According to RFC 5322, 3.6.5, the Subject
header is defined as
subject = "Subject:" unstructured CRLF
and the RFC 5322, 2.2.1 defines "unstructured":
Some field bodies in this specification are defined simply as
"unstructured" (which is specified in section 3.2.5 as any printable
US-ASCII characters plus white space characters) with no further
restrictions.
Because only US-ASCII characters are allowed in the Subject
header, any non-US-ASCII character must be encoded as US-ASCII, and RFC 2047 defines a draft standard for that, which is widely in use. E.g., with the "Quoted-Printable" a.k.a. "Q" encoding (section 4.2),
- cyrillic
Тест
becomes Subject: =?UTF-8?Q?=D0=A2=D0=B5=D1=81=D1=82?=
- arabic
متحان
becomes Subject: =?UTF-8?Q?=D9=85=D8=AA=D8=AD=D8=A7=D9=86?=
.
The matching in PCRE header_checks
should be done against that encoding.

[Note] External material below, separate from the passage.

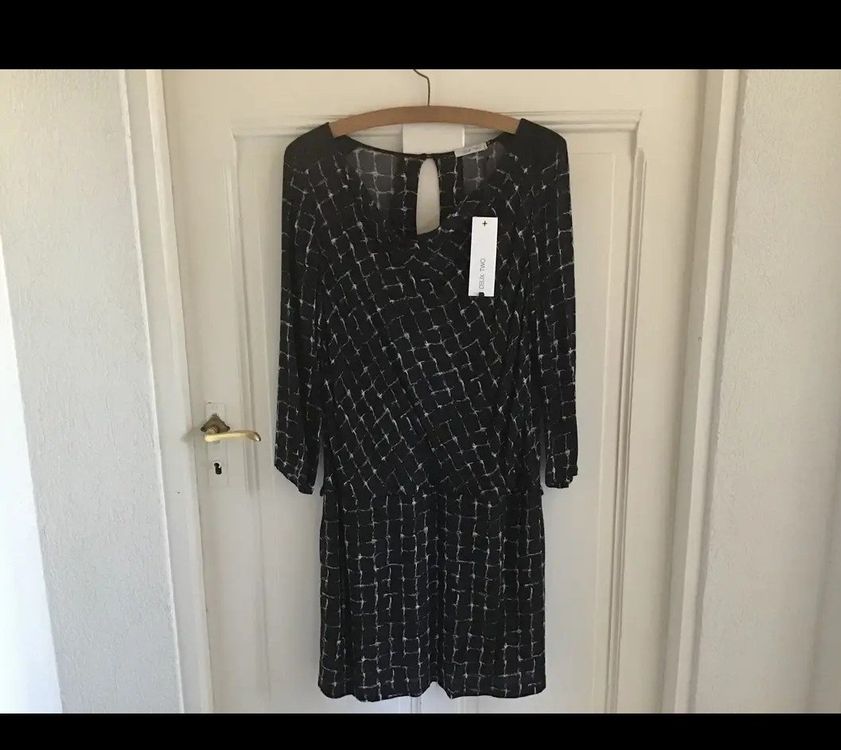 Robe | Kaufen auf Ricardo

However, matching unicode blocks using regular expressions like PCRE is pretty hard, as the following table demonstrates.
Unicode block |
Range |
Q-P start |
Q-P end |
Cyrillic |
U+0400..U+04FF |
=D0=80 |
=D3=BF |
Arabic |
U+0600..U+06FF |
=D8=80 |
=DB=BF |
This limitation is also mentioned in the Postfix Built-in Content Inspection documentation:
Limitations of Postfix header/body checks
Header/body checks do not decode message headers or message body content. For example, if text in the message body is BASE64 encoded (RFC 2045) then your regular expressions will have to match the BASE64 encoded form. Likewise, message headers with encoded non-ASCII characters (RFC 2047) need to be matched in their encoded form.
I would suggest using SpamAssassin rules, instead. The TextCat language guesser even has ok_languages
for detecting languages from message body.